Having lived in South Africa before the pernicious and divisive system of apartheid was started, I feel the article "Pretoria Ends Apartheid System," June 19, which acknowledges the progress made by President De Klerk's government in ending the legal basis for apartheid, is timely. I also salute the constructive attitude of that day's editorial "Next Steps In S. Africa" in calling for the release of black prisoners and the improvement of African education.But we should all remember the sabotage, indiscipline, and widespread strikes in the African schools and understand that the slogan "liberation before education" has done a lot of harm. Senior men like Oliver Tambo should explain to the young militants the great importance of education now that negotiations have started for the building of the new South Africa. And although all sensible people want to see rapid steps toward black-white reconciliation, we must realize that some of those still detained have taken part in the bestial necklace executions. We must ask ourselves whether such criminals ought to roam in new South Africa as free persons. Howard Fry, Dulverton, England
Locating Austria historically Regarding the article "Austria's Capital Faces Rivals in the East," June 19: One very important date in Vienna's history is 1483, when the advance of the Ottoman Empire across Europe was stopped. Later Prince Eugen of Savoy continued the campaign against the Turks for the Holy Roman Empire and won a victory in the twin cities of Buda and Pest in the 1690s. These events put Austria in its historical and geographical position as a bulwark against Russia and the East.

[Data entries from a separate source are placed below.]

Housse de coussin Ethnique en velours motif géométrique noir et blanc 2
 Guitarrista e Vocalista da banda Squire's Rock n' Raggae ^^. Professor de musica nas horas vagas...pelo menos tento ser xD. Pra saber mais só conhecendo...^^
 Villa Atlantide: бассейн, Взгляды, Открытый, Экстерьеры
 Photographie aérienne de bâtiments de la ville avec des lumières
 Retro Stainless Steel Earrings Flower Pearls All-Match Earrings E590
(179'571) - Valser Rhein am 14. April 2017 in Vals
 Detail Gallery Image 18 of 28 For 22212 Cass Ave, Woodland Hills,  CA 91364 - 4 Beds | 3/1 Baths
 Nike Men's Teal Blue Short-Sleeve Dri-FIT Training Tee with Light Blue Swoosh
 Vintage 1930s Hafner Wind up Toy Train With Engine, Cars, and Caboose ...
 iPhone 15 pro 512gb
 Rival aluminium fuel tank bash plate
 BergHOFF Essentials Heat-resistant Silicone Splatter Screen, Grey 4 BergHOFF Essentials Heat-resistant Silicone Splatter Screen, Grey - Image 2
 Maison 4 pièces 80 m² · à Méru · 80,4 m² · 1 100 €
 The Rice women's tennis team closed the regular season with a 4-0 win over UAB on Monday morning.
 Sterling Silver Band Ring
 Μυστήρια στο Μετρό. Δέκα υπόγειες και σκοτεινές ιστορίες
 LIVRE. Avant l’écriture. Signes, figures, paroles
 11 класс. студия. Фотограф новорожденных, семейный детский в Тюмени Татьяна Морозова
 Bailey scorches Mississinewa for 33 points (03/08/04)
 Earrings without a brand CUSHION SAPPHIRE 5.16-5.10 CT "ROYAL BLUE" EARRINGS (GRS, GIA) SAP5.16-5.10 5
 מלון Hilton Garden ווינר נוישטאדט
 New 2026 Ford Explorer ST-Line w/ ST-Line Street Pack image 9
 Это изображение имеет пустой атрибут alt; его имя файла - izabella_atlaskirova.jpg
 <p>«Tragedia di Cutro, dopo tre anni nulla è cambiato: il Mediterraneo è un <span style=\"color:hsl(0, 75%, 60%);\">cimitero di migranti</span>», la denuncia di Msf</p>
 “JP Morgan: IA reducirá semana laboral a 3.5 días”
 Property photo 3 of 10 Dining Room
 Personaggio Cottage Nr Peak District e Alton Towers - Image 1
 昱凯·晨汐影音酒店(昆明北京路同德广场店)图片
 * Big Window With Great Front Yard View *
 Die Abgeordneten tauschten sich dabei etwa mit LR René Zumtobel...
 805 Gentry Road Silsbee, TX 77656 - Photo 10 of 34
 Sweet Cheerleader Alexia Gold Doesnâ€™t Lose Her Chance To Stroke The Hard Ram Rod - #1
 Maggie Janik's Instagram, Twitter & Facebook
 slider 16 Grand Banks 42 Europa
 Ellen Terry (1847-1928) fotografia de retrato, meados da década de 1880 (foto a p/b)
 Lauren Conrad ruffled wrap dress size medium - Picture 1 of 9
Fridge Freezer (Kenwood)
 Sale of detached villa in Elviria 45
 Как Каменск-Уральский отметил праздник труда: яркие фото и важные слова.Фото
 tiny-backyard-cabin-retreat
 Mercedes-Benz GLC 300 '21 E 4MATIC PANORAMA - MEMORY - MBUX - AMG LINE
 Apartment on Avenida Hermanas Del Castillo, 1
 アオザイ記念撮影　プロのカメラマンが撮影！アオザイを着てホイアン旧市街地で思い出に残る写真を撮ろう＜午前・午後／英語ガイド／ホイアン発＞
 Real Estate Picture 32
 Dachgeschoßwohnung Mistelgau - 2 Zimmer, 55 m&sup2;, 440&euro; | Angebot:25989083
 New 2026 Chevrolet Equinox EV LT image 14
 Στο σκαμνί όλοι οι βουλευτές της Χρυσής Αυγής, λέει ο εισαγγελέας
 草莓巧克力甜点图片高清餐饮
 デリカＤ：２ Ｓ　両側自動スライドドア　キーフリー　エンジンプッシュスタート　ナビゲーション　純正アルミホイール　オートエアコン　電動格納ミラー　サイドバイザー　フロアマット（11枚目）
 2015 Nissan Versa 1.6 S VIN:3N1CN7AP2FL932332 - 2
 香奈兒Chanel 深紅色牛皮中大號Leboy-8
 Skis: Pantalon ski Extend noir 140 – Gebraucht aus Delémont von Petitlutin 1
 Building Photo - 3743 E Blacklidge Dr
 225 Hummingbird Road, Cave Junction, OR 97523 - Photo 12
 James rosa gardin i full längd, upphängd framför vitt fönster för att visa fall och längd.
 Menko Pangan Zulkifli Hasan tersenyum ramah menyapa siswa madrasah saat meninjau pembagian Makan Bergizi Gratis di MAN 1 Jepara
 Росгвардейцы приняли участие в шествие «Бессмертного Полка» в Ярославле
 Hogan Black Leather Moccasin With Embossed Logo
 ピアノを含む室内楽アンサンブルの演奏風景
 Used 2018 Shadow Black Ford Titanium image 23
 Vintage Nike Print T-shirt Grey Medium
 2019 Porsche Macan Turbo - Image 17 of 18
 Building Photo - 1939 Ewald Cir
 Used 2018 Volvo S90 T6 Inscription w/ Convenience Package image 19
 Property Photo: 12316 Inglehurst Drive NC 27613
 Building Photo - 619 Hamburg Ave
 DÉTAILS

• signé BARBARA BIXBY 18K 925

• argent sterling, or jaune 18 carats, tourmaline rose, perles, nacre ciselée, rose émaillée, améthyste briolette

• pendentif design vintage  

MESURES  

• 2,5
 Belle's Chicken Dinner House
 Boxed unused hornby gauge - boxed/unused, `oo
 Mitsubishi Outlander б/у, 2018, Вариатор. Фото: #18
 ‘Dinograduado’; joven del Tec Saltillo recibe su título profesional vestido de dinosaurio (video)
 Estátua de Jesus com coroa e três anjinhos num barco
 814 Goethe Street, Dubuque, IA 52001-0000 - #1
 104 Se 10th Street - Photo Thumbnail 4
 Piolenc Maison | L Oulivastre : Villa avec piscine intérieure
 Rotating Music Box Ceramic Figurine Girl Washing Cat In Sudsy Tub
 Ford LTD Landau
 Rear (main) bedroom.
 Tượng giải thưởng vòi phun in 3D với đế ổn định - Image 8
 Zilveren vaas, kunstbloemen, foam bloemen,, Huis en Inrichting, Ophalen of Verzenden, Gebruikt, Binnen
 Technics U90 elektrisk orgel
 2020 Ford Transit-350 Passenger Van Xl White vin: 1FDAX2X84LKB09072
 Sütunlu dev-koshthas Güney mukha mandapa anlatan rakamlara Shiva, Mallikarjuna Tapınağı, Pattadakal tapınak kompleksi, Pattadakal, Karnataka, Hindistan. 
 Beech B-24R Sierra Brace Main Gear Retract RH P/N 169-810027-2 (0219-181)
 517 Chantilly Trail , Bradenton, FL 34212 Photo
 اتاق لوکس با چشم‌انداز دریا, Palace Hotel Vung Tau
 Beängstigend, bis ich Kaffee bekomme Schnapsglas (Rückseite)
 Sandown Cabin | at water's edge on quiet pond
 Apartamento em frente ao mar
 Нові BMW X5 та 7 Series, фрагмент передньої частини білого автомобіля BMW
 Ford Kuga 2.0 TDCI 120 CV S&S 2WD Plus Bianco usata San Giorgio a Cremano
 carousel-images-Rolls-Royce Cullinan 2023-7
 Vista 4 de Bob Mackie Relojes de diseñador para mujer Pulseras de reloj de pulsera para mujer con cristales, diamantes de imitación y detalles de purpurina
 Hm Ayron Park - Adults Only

Janice R. Morrow, Belfast
More pressure on the 'melting pot' In the opinion-page article "Subtle Erosion of America's Uniqueness," June 26, the author writes: "The 'melting pot' concept is under pressure from those who would emphasize ethnic identity over integration." The author becomes, however, one of those very people when he uses the term "African-American." This moniker is just such an example of the attitude he supposedly opposes, yet he still feels obligated to be "correct." Michael Pupis, Newton Square, Pa.